*** Begin section ***

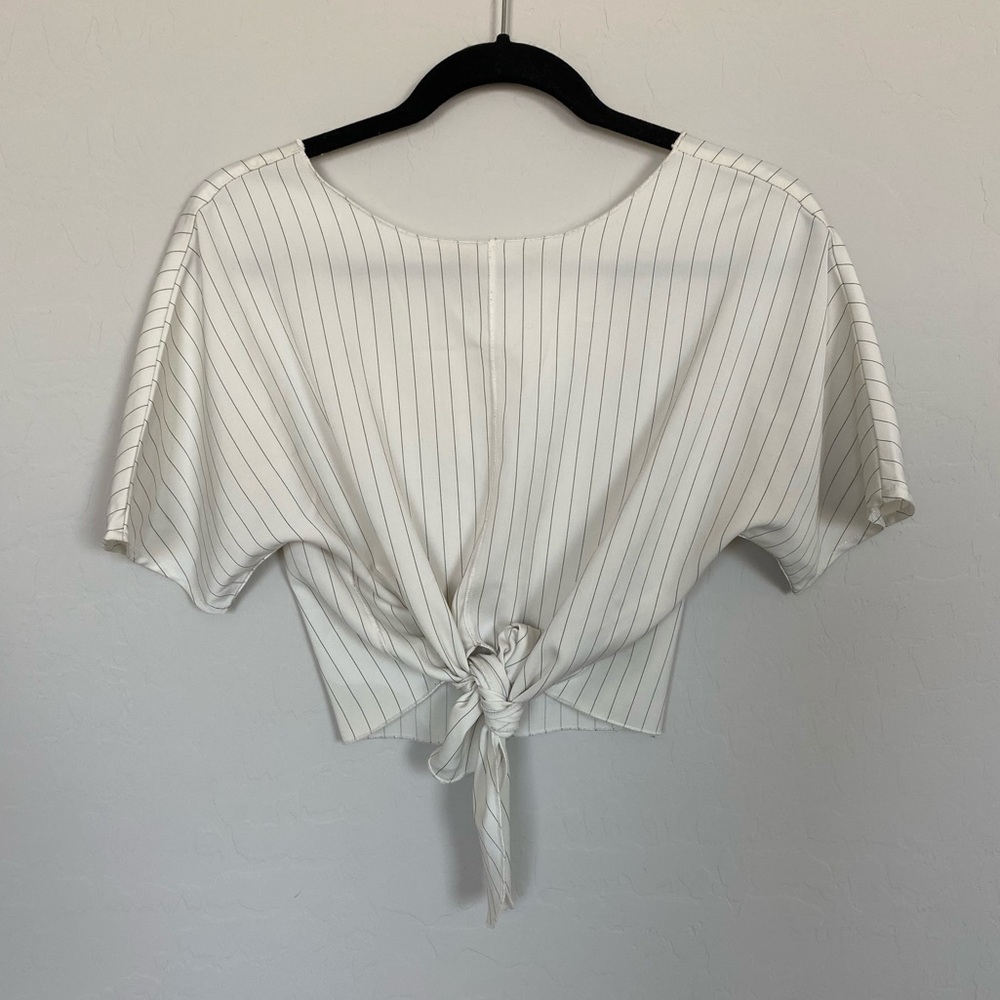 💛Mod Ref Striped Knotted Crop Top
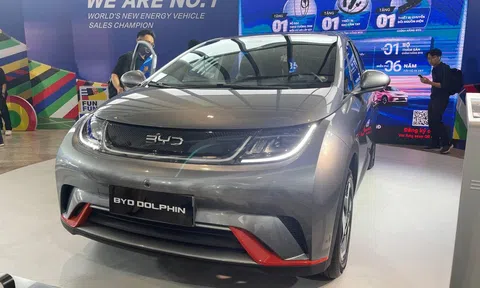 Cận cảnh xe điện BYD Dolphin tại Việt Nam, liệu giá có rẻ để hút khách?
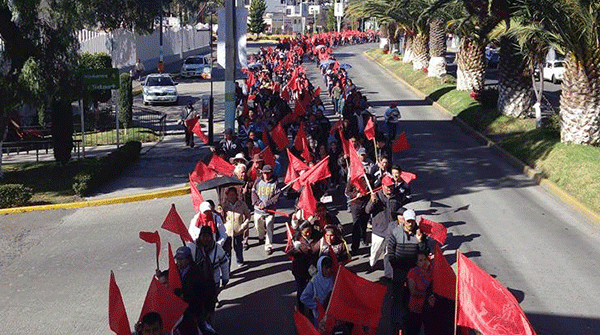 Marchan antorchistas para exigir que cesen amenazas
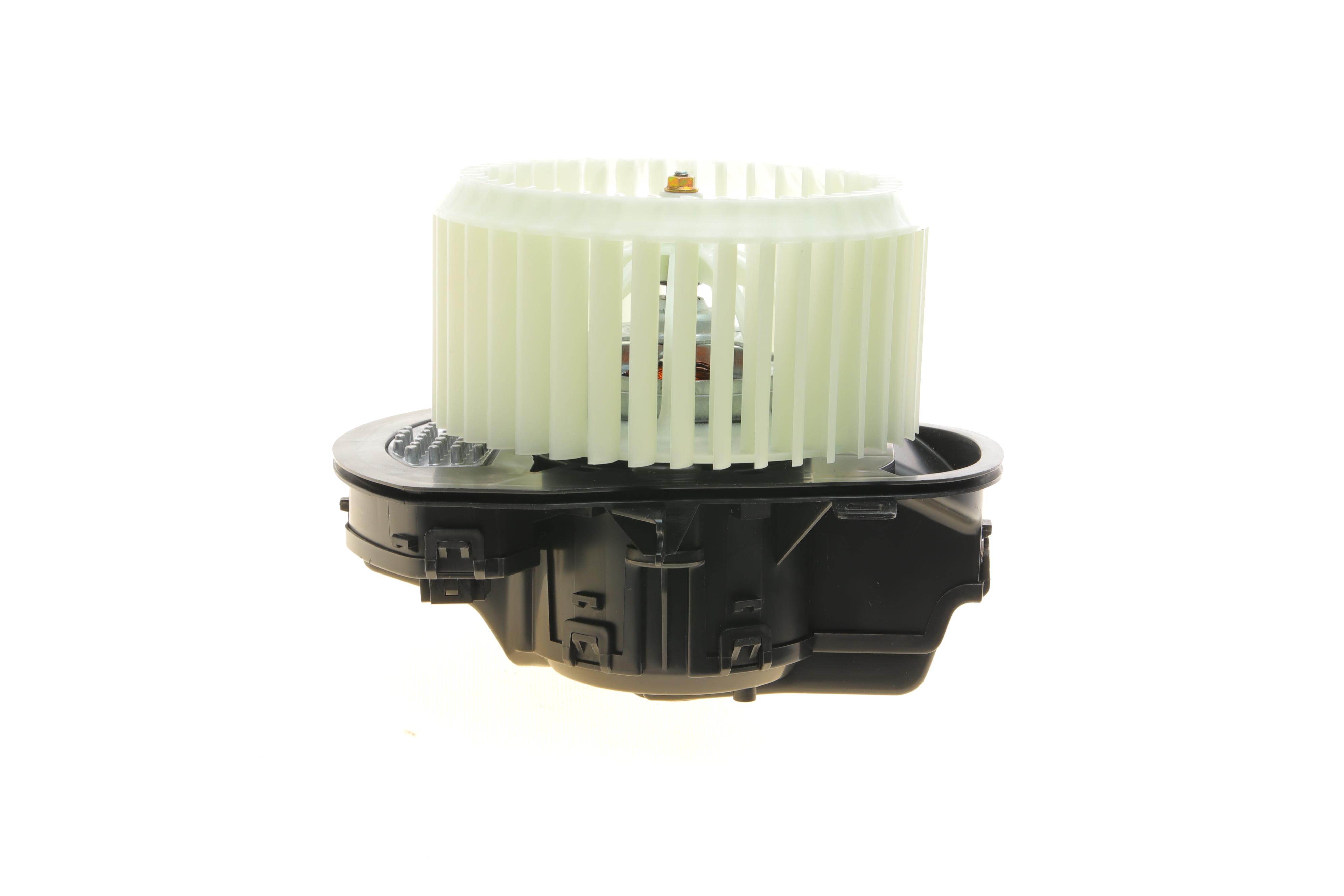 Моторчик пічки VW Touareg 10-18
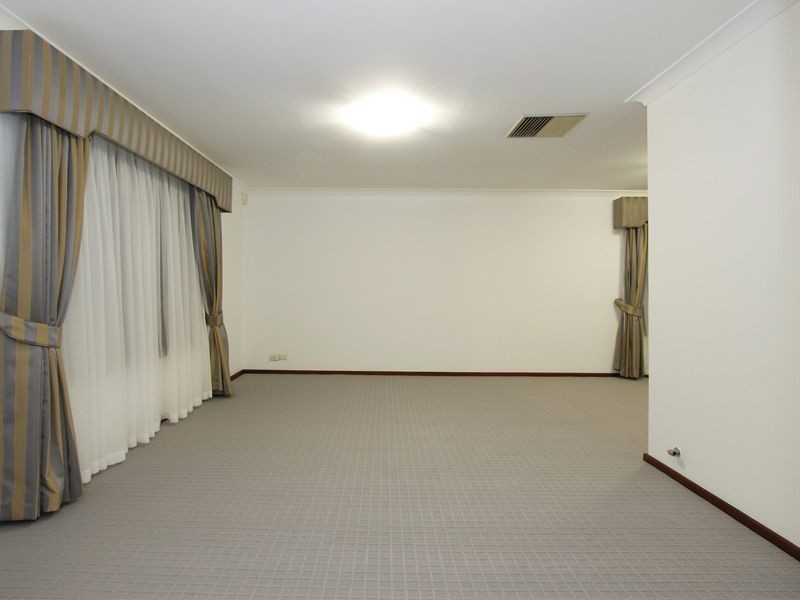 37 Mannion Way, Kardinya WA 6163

*** End section ***
*** Begin section ***

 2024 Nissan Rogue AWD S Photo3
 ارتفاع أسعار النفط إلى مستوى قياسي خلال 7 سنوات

*** End section ***
*** Begin section ***

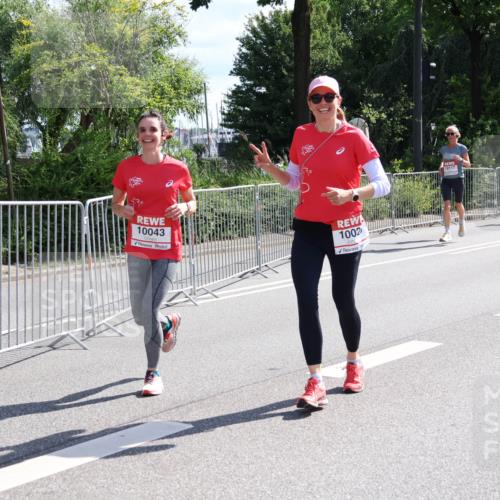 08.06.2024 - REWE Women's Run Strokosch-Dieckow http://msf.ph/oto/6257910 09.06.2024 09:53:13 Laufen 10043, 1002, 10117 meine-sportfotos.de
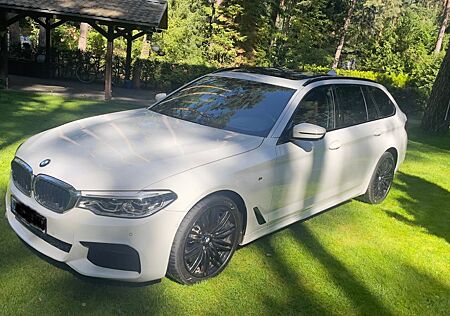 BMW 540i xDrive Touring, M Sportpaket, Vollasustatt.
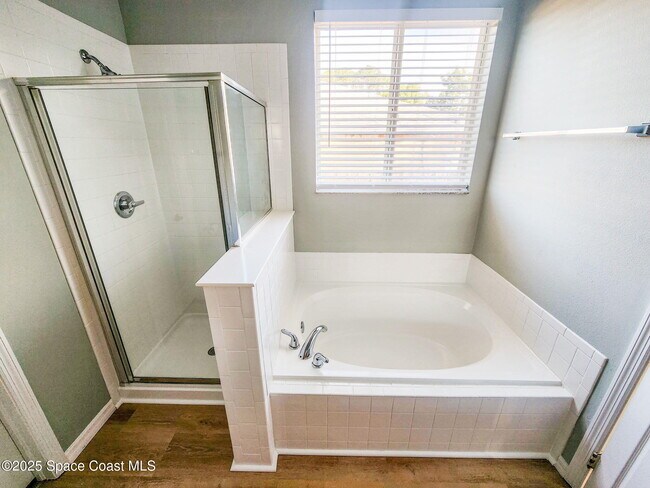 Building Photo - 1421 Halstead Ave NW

*** End section ***

WORK REQUEST:
When you reach the line that has "Knotted Crop Top" in the data above, start repeating lines exactly, and stop after the line that has "37 Mannion Way, Kardinya WA 6163"; pictures stay out.

WRITTEN SOLUTION:
 💛Mod Ref Striped Knotted Crop Top
 Cận cảnh xe điện BYD Dolphin tại Việt Nam, liệu giá có rẻ để hút khách?
 Marchan antorchistas para exigir que cesen amenazas
 Моторчик пічки VW Touareg 10-18
 37 Mannion Way, Kardinya WA 6163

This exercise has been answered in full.